Dostoievski, em O Idiota, explora a mente de um homem condenado à execução, que experimenta cada segundo como uma eternidade, ciente de que seu tempo está acabando. A obra nos coloca face a face com o terror visceral da finitude, sem nenhuma certeza religiosa ou filosófica que alivie esse sentimento. O protagonista sente o tique-taque do relógio como uma sentença imposta pelo destino. E nós, mesmo sem uma guilhotina à nossa espera, sentimos algo semelhante cada vez que somos obrigados a refletir sobre o fim.

 

Assim, a literatura não nos deixa escapar da verdade que tentamos esconder. Ela reflete o que somos: criaturas frágeis, vulneráveis, que usam máscaras para ocultar o medo do desconhecido.
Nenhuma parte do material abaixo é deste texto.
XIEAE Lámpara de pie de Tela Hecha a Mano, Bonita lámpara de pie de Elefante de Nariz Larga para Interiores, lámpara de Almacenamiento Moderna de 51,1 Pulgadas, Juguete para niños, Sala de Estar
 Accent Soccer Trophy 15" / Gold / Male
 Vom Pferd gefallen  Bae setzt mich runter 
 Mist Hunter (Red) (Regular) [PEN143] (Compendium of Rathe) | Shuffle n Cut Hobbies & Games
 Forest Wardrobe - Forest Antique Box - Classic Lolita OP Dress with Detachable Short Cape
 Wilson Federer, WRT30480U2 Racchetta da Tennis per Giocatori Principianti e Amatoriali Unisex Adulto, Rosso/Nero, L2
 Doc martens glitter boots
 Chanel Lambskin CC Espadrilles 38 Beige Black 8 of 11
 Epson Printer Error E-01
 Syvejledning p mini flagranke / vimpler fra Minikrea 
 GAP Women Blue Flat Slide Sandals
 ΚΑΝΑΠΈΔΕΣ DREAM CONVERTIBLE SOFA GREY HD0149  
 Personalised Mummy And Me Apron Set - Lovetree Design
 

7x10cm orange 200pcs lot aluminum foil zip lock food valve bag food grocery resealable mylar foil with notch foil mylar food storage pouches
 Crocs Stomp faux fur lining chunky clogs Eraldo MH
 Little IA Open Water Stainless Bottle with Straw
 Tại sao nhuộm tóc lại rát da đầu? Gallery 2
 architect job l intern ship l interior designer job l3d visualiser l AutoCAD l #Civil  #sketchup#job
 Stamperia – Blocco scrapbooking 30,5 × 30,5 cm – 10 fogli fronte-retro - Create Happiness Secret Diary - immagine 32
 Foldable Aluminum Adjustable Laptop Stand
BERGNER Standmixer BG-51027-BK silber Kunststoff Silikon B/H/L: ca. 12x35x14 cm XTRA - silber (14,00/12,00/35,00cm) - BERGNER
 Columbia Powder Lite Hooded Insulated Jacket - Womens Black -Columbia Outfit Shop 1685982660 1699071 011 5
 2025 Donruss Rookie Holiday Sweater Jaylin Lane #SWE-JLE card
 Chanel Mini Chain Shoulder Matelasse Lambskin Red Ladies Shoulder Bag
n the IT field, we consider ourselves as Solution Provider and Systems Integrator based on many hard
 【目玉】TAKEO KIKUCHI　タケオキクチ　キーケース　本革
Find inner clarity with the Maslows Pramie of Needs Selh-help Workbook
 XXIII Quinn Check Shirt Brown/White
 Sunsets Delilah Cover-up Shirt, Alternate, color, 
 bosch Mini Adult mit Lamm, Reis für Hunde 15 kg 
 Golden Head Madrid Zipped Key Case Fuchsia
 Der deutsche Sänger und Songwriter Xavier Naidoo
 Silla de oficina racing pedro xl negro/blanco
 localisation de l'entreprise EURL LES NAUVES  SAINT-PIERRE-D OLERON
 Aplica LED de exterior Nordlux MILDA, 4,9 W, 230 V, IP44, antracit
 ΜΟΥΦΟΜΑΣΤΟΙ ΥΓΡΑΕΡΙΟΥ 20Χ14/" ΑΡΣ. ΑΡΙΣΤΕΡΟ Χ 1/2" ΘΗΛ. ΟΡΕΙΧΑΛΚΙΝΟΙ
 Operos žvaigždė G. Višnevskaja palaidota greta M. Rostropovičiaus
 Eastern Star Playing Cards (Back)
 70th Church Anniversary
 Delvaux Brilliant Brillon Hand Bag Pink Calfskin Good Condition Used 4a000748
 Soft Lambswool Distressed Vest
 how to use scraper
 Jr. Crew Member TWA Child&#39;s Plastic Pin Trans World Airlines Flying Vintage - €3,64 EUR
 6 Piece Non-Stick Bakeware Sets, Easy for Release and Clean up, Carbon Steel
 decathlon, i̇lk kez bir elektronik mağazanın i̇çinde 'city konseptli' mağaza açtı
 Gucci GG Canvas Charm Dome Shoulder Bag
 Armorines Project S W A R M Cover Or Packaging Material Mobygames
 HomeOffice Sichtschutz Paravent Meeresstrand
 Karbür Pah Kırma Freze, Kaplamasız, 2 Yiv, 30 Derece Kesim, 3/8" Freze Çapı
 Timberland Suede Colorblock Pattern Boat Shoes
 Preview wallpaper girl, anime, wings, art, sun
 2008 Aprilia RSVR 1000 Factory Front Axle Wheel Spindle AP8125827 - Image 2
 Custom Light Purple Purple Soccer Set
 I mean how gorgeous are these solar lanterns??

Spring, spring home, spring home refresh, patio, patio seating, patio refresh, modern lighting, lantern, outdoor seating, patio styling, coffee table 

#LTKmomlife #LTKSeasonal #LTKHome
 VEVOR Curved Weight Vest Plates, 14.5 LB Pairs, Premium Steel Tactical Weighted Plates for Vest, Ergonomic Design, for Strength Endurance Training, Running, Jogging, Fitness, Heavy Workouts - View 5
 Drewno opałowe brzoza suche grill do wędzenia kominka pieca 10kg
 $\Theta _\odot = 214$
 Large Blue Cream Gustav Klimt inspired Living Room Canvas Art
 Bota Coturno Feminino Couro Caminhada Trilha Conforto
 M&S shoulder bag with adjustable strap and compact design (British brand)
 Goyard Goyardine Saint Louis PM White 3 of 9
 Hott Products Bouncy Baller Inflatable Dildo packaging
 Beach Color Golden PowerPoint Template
O problema não é apenas a morte, mas a forma como fugimos dela, como se ao ignorá-la pudéssemos vencê-la. Ao nos confrontarmos com essa verdade por meio de grandes obras, talvez possamos, finalmente, encarar a vida de uma forma mais plena, sem as distrações que nos afastam do que realmente importa. O medo da morte pode ser inevitável, mas ele não precisa nos definir.